A new report from Hired.com gets into some of the details of the current state of gender and race pay gaps in the tech industry, and its findings are promising. Though tech is widely criticized for comprising an overwhelmingly white and male workforce (only one-fifth of industry workers are women), the data from Hired indicates incremental changes for the better in terms of pay equality across gender and race.
For the last two years, the tech industry’s gender pay gap has remained steady at four percent (that is, men on average were making four percent more than women on average), but in 2019 the gap has dropped to three percent. These figures are overall averages; the pay gaps for people with multiple marginalized identities, including trans people of color, gay women, and so forth, are frequently wider than the group average.
All told, white men and Asian men who work in tech are currently paid more or less the same, on average, according to figures from Hired.com’s report. White women and Asian women trail white and Asian men, earning 97 cents per dollar on average, by comparison. Black men and Latinas are next, and make an average of 91 cents per dollar. Black women make on average the least, with 89 cents.
“It is disheartening to see that Black and Hispanic women are still offered the least, receiving average salary offers of $122K and $126K, respectively,” the report states. Salaries for Black men have also fallen, according to the report: “They are offered a couple hundred dollars more than Hispanic women.”
Though there is a federal law, the Equal Pay Act of 1963, which forbids employers from paying women less than men for the same or equal work, it’s clear that troublesome patterns of lower payment for marginalized groups continue. In the absence of adequate policy, some businesses have created initiatives that mitigate the gender pay gaps that their predecessors created by establishing a precedent of doling out unequal salaries.
In many companies where there are policies in place that supposedly ensure men and women are compensated equally for equal work, there is also a massive disparity in who is hired for the highest-paying jobs. This has lately been an issue for major banks, who are being pressured by the investment firm Arjuna Capital to reveal their adjusted gender salary gap data. This data reveals not just whether people are being paid equally for the same work, but who are put in positions that pay the most.
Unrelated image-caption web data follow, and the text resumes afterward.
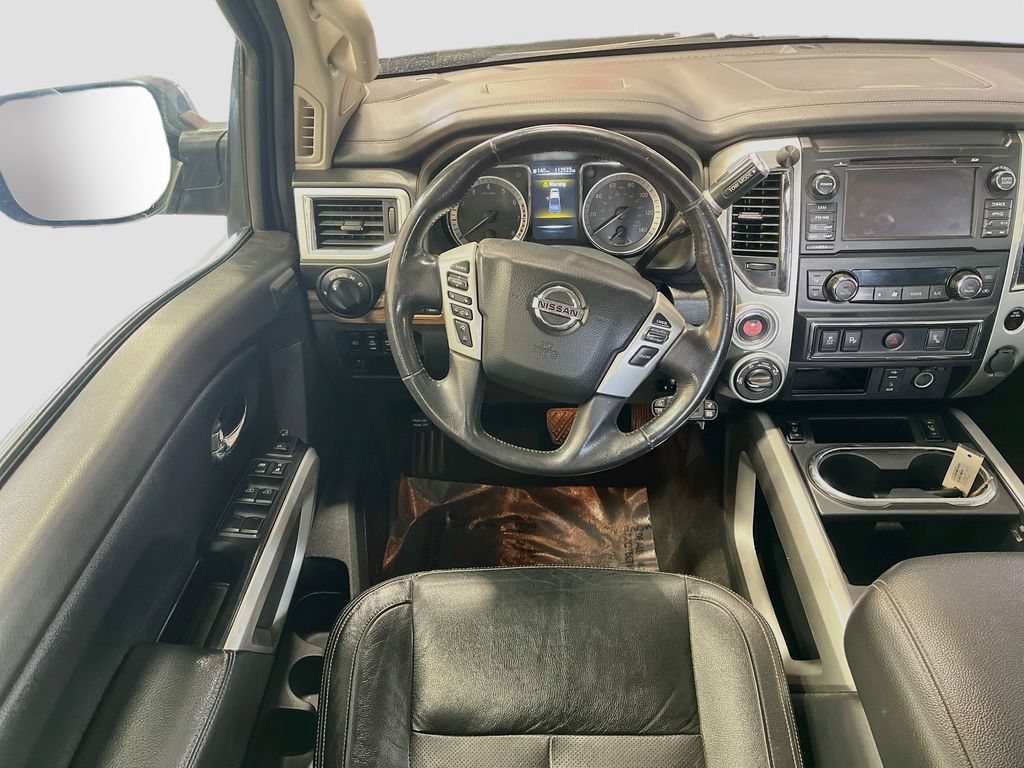 Used 2018 Nissan Titan SL AWD/4WD image 23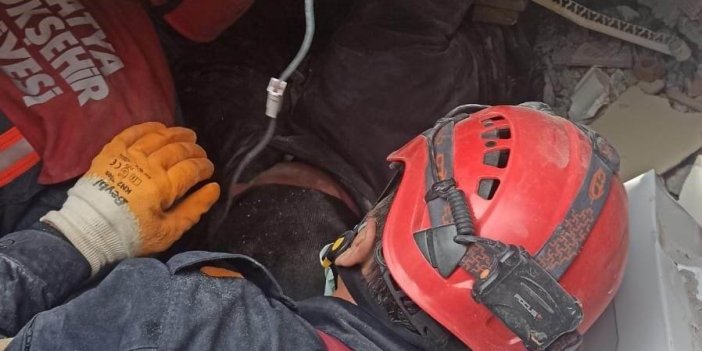 Elazığ Belediyesi itfaiye ekiplerinden hayatta tutan ’dokunuş’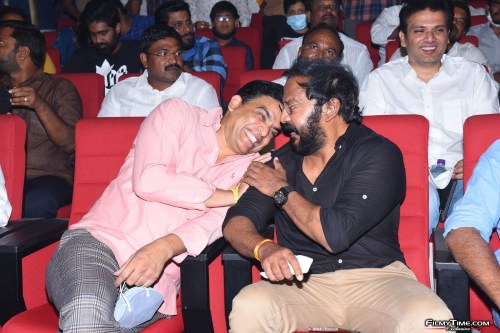 Vakeel-Saab-Movie-Pre-Release-Event-4-40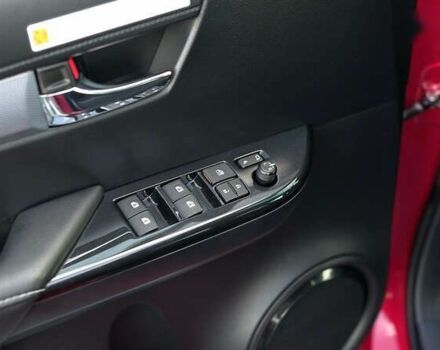 Тойота Хайлюкс, об'ємом двигуна 2.8 л та пробігом 2 тис. км за 58108 $, фото 17 на Automoto.ua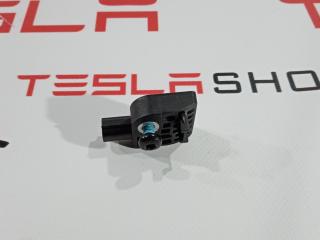 датчик удара Tesla Model S 1 поколение 2012, 1005274-00-B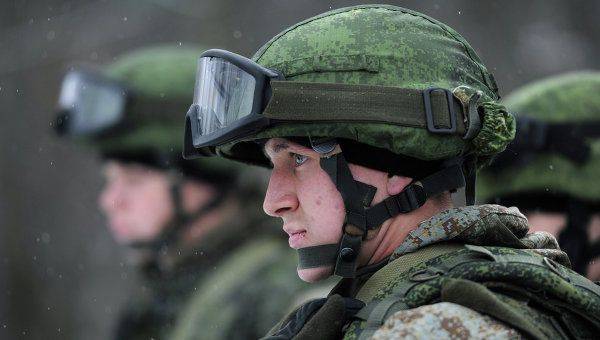 Военные на Северном Кавказе получили тысячу комплектов "Ратника" Военные на Северном Кавказе получили тысячу комплектов "Ратника"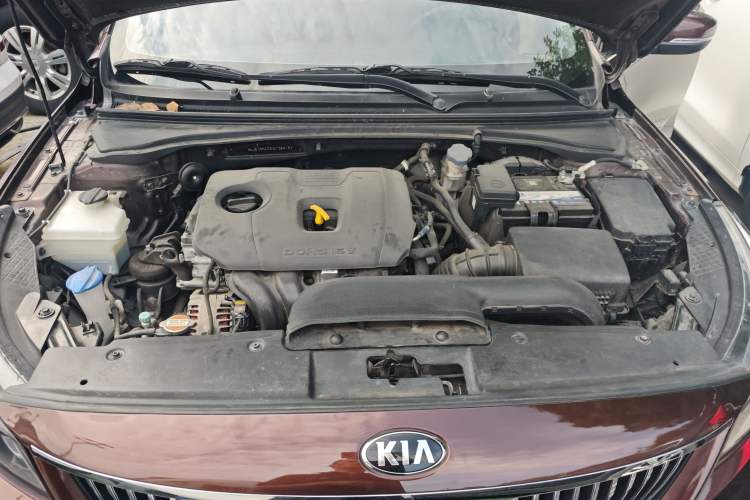 Used Kia K3 (Kai Shen) 2017 1.8L Automatic DLX Engine Bay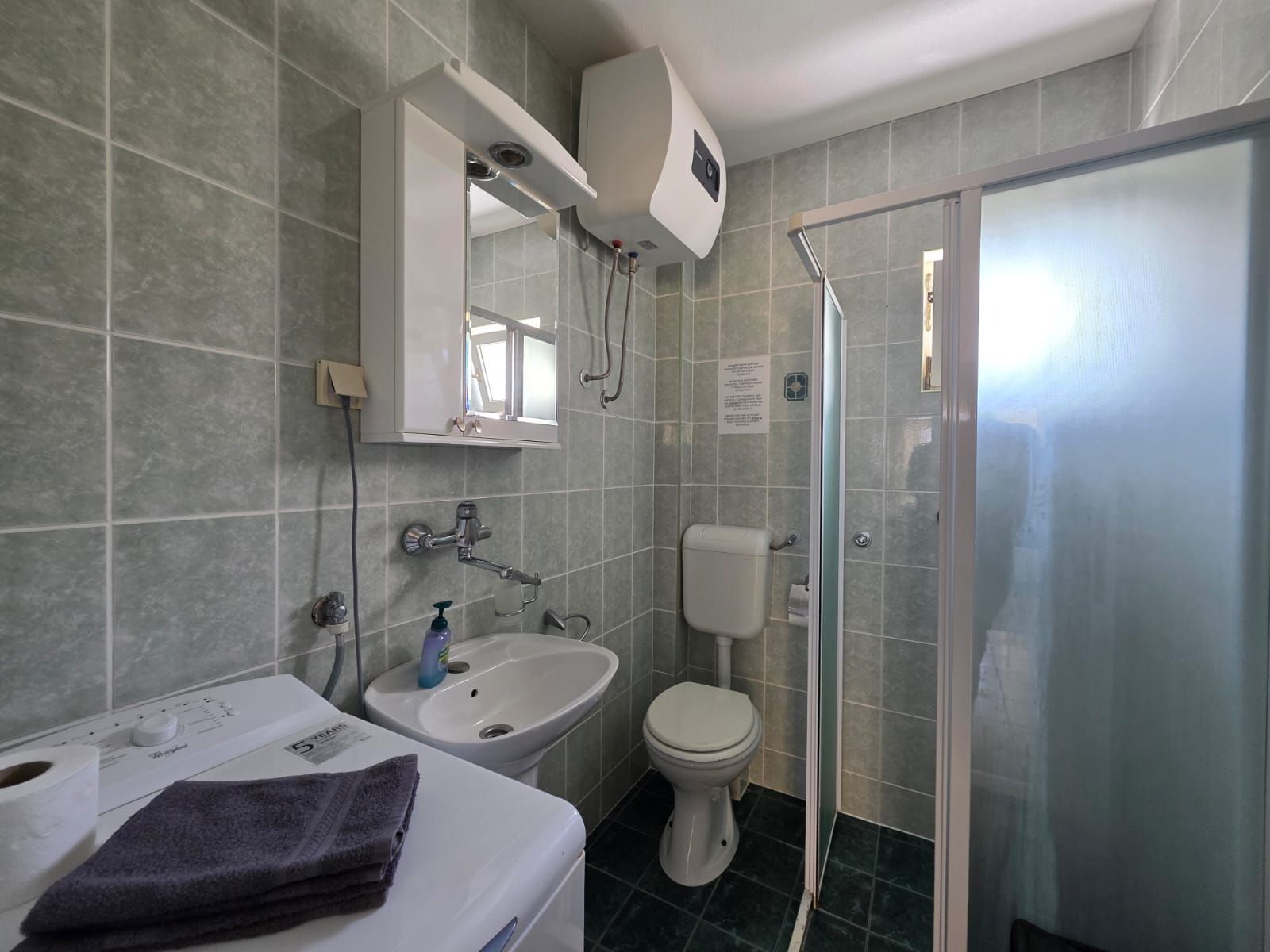 Na prodaju apartmanska vila površine 800 m² na placu od 520 m² sa 12 apartmana, bazenom i pogledom na more – Krimovica, Kotor - Amfora Real Estate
The Obama administration also made some effort to create more transparency around the gender wage gap, first by signing the Lilly Ledbetter Fair Pay Act in 2009, then by introducing the Equal Pay Pledge in 2016. The Lilly Ledbetter Act allows for women who were unknowingly being paid a lower rate for equal work, compared to men, to receive what amounts to backpay. The Equal Pay Pledge was a non-enforceable initiative asking companies to perform routine reviews of their gender pay rates.
While transparency alone is not enough to get fair pay into the pockets of marginalized workers, it does help create conditions where employers can be held more accountable for unfair treatment. In recent years, as there has been increased scrutiny and pressure on employers to take non-discrimination seriously, myriad transparency initiatives have popped up, each time pushing conversation and action a bit further.